The state inspection report from March identified other licensing violations including: Allowing children to go to the bathroom unsupervised, teachers leaving the classroom unattended, hiring staff unqualified for the position, not following its own lost child policy, not properly training staff on the policy, allowing community members to access to the same bathrooms as the children and lacking emergency drills.

The report also noted that the center director interfered or refused to cooperate with a child protection investigation, but did not explain what that meant.

The state Division of Child Welfare report from January said during interviews with staff, a caseworker was "repeatedly questioned by Ms.

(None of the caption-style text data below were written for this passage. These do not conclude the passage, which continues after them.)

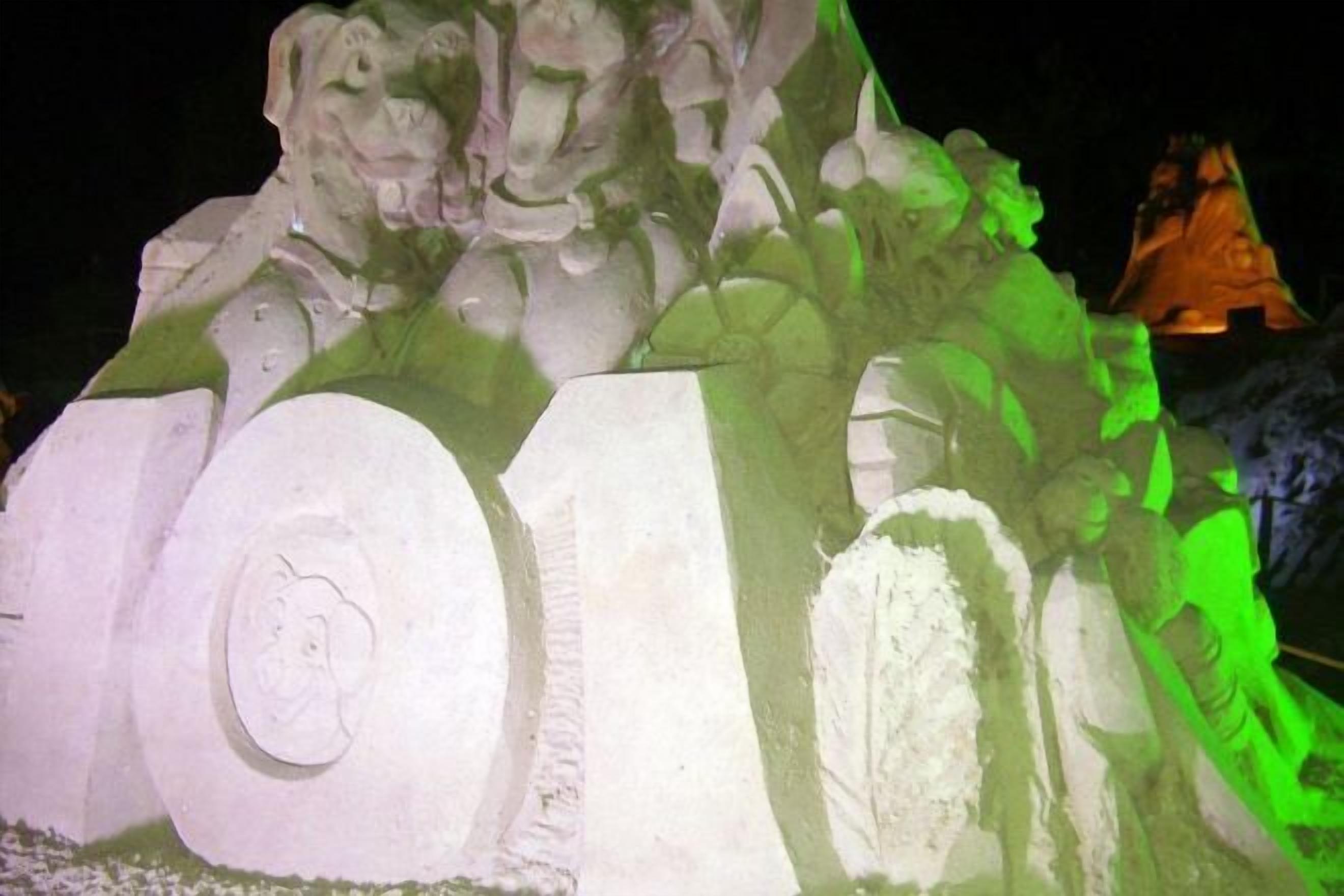 Eine große, detaillierte Skulptur mit einem auffälligen, kreisförmigen Design und dem Kopf eines Löwen obenauf.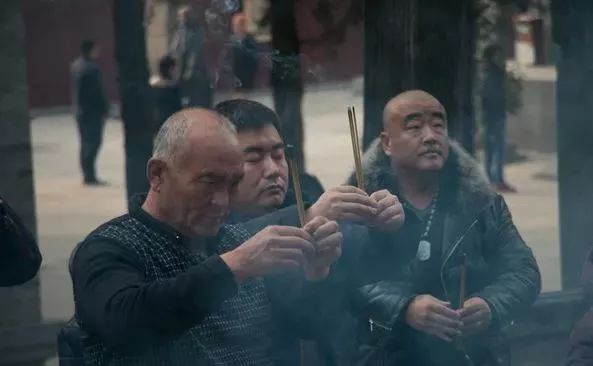 再上22天班，郑州人集体放假！做完这16件事，就过年啦！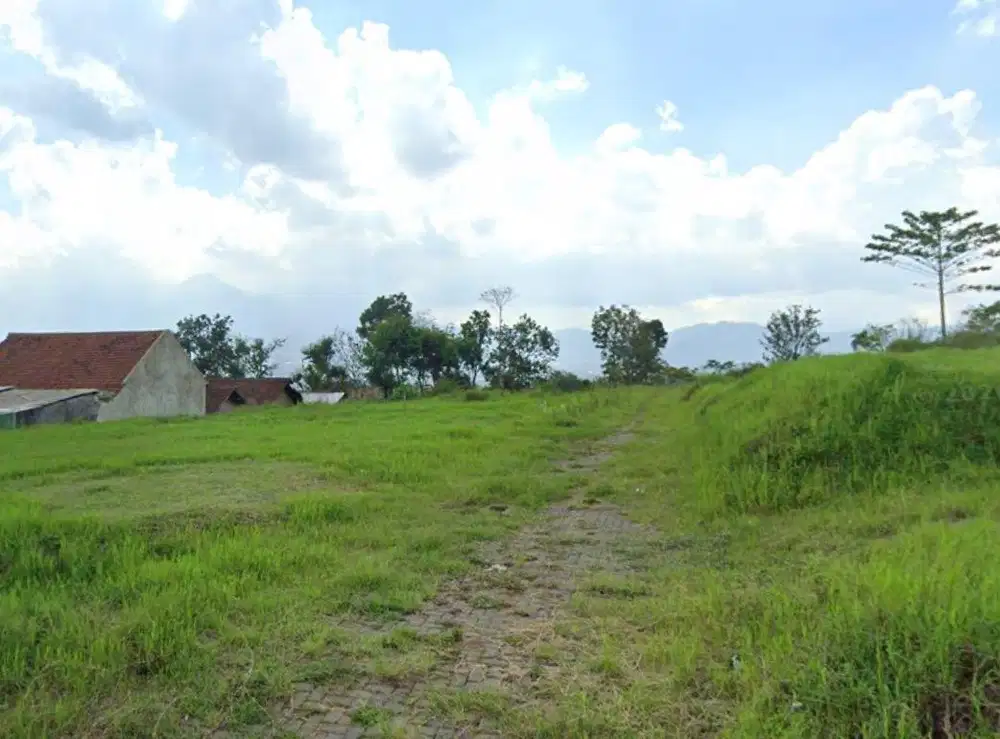 Tanah View Gunung dan Perkotaan Karangploso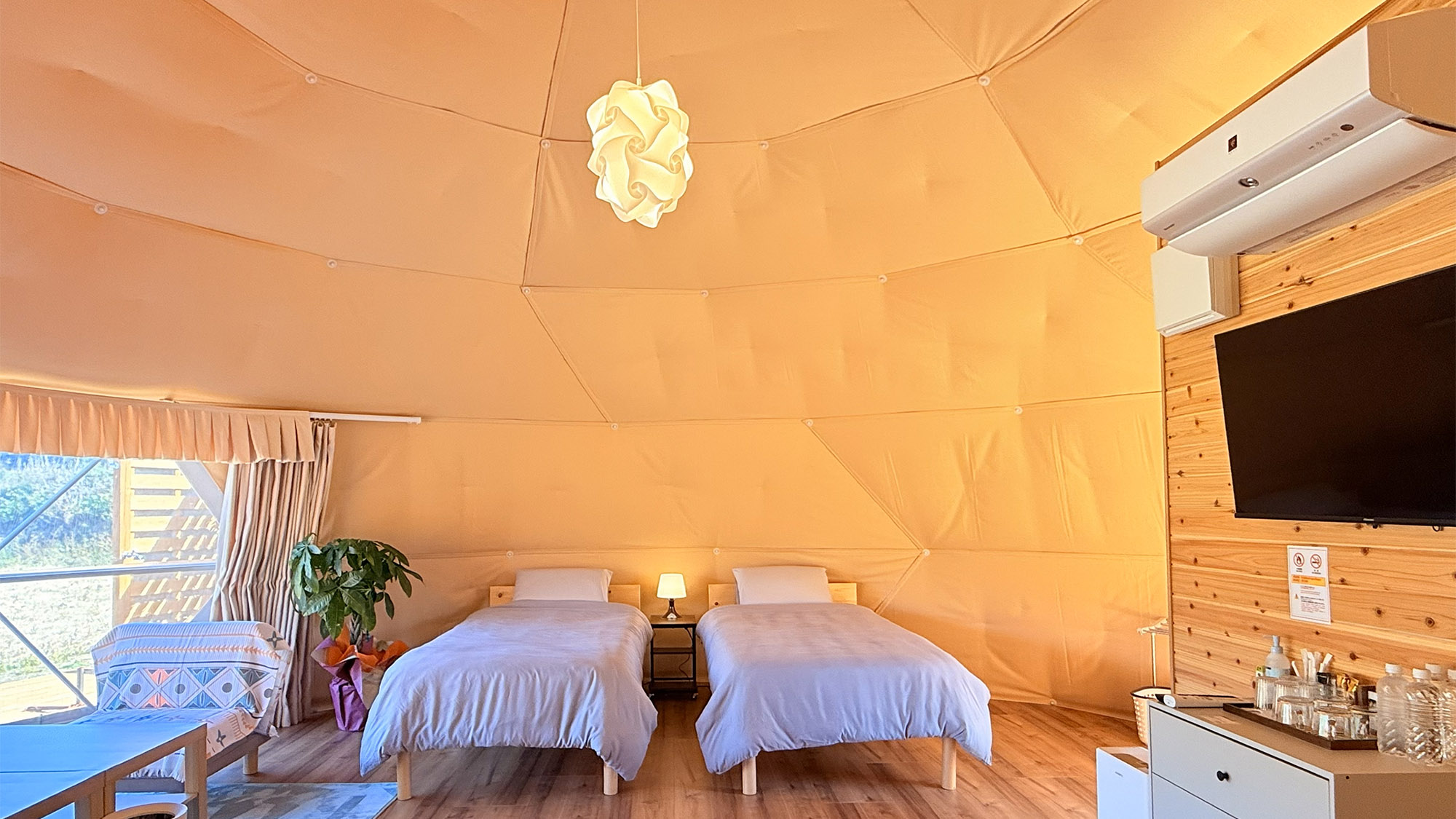 ・【ドームテント】シングルベッド4台とエキストラベッド1台完備の広々空間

Leitner about the validity of the caseworker speaking with certain individuals, which impacted the caseworker's ability to conduct the assessment."

The center has taken corrective action, Squires said, to address security, safety and operational faults.

"We implemented new policies and procedures, we have new cameras and door alarms on all the doors, we're getting teachers trained, and we have the oversight board," he said. "We've taken a lot of steps moving forward."

The church and child care center are awaiting the outcome of an adverse action report from the state licensing board, which could result in fines, a probationary period, license suspension or revocation.

The state also is inspecting the center every 27 days, Squires said.

About five weeks after the episode with Price's son, another mother reported to Child Protective Services that she witnessed her 4-year-old son left unsupervised at the church's Learning Center.

Stephanie Cline said when she went to pick up her son on Feb. 27, no one answered the doorbell for three to four minutes.

"The next thing you know, I see my kid's head pop up from behind the check-in desk in the front foyer, with no teacher or adult with him," she said.

Cline said she rang the doorbell again and waited several more minutes until someone came to let her in.

"My son was out there at least five minutes, completely unattended," she said.

Cline said she requested video footage, which was not made available and which had been recorded over when the state came to investigate.

Cline said the church pastor and center director told her that teachers were watching her son from inside the door.

"If that were true, why did it take so long for someone to open the door for me," she said. "If I would have called my son to the door, I would have left with him, and nobody would have known."

The Learning Center has had a longstanding state ranking of four on a scale of five top measures for day care centers, Squires said.

The church's new operational improvement team "is going through everything, looking for potential concerns and problems, and helping get those corrected," he said.

"We are doing everything possible right now that we can to ensure this doesn't happen again," Squires said. "We're pretty serious about making sure all of the bases are covered."

For her kind-hearted and important role in reuniting Riker with his parents, Trattner received a citizens' lifesaving award from Woodland Park Police Chief Chris Deisler at a City Council meeting in March.

The plaque that now hangs in her home office reads: "... had you not intervened, the outcome of this case is unimaginable."

"I definitely put that one on my wall — I'm proud of it," Trattner said.

"I've watched kids being dropped off at school daily," she said. "Look out the window, and you never know what you might see."

On that terrifying day four months ago, Riker received a police badge, promised he wouldn't do anything like that anymore and apologized for his behavior.

Price pulled him out of the preschool and now keeps him by her side at home and while she works as a real estate agent. The fear is still too great, but she said her business has suffered.

Riker is supposed to start kindergarten in August, a step Price said she can't even think about yet.

After the episode, a few other parents removed their children from the center, Squires said, reducing enrollment to about 60 students.

A Division of Child Welfare report dated Jan. 23 said that 65 to 75 children attended the facility on a daily basis at that time.

"We want to still provide the service we provide to the community; there are not a lot of child care facilities up here," Squires said. "It's a good resource to a lot of parents."